I should also mention, the original error criterion in gckpp_HetRates.F90
was IF ( concEduct < 100 ) RETURN
. But this was too high and some reactions that should have gotten done were flushed to zero. I had tried to make this error criterion more generous but now I think it needs to be tightened up, as mentioned above.
Aha! I vaguely remember that concEduct
setting - I think I'm responsible for setting it to 100. I'm surprised that 100 molec/cm3 was too high - even at 50 km the air density is 7.7e16 molec/cm3, so a concentration of 100 molec/cm3 is around 1 part per quadrillion.
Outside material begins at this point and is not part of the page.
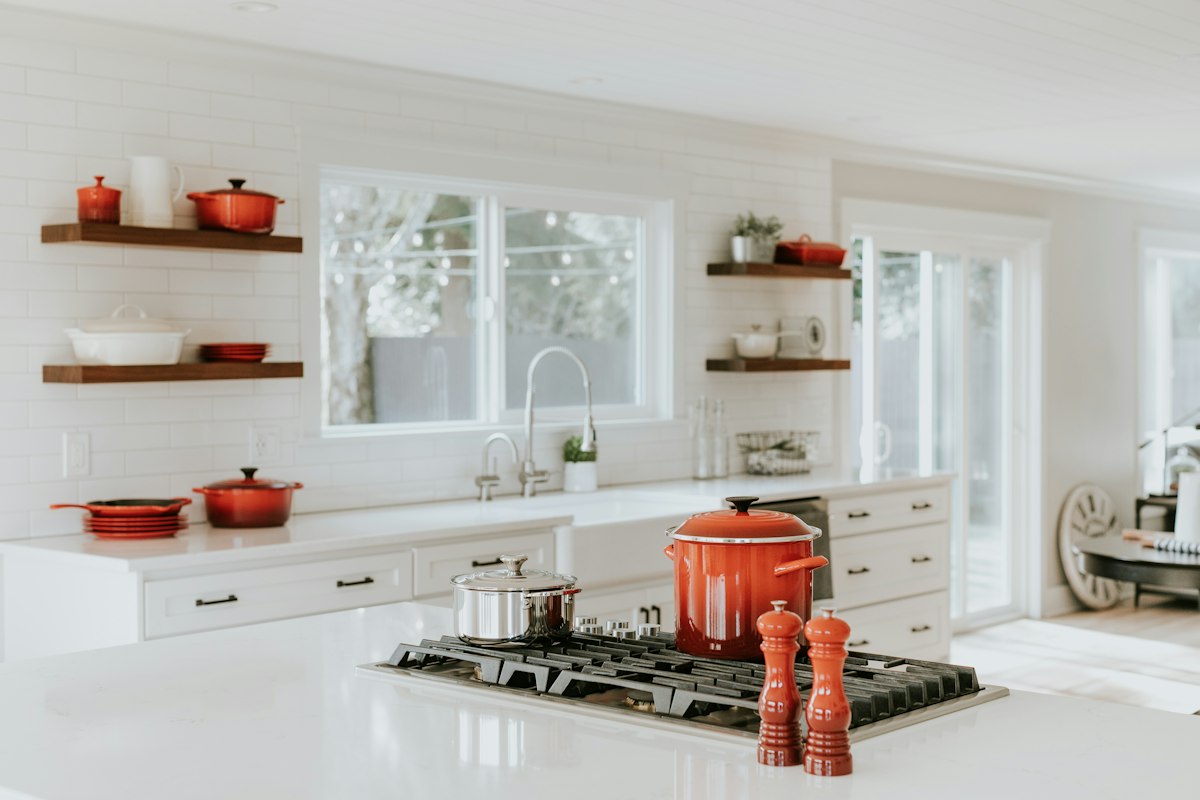 Sunlit kitchen with white quartz island, farmhouse sink, floating wooden open shelves, and subway tile.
This has been addressed with commits: https://github.com/geoschem/geos-chem/pull/985/commits/d19c493304e909ea3985c11ecd1cfec592b39190 and https://github.com/geoschem/geos-chem/pull/985/commits/7e2be0db4cb484bf174f3730c6c8d7c346cba67b. These have now been merged into our 13.3.0 release development stream. We will run benchmarks for GCC_13.3.0-rc.1 and GCHP_13.3.0-rc.1.
The GCClassic 13.3.0 1-month benchmark finished, but GCHP crashed 10 days in with an FPE error. Both simulations use gcc 10.2.0 as the compiler.
Looking back at the internal benchmarks for 13.3.0, this error may have originated in 13.3.0-alpha.9 with the updates for IONO2 hydrolysis. That run failed after 5 simulation days with an integrator error.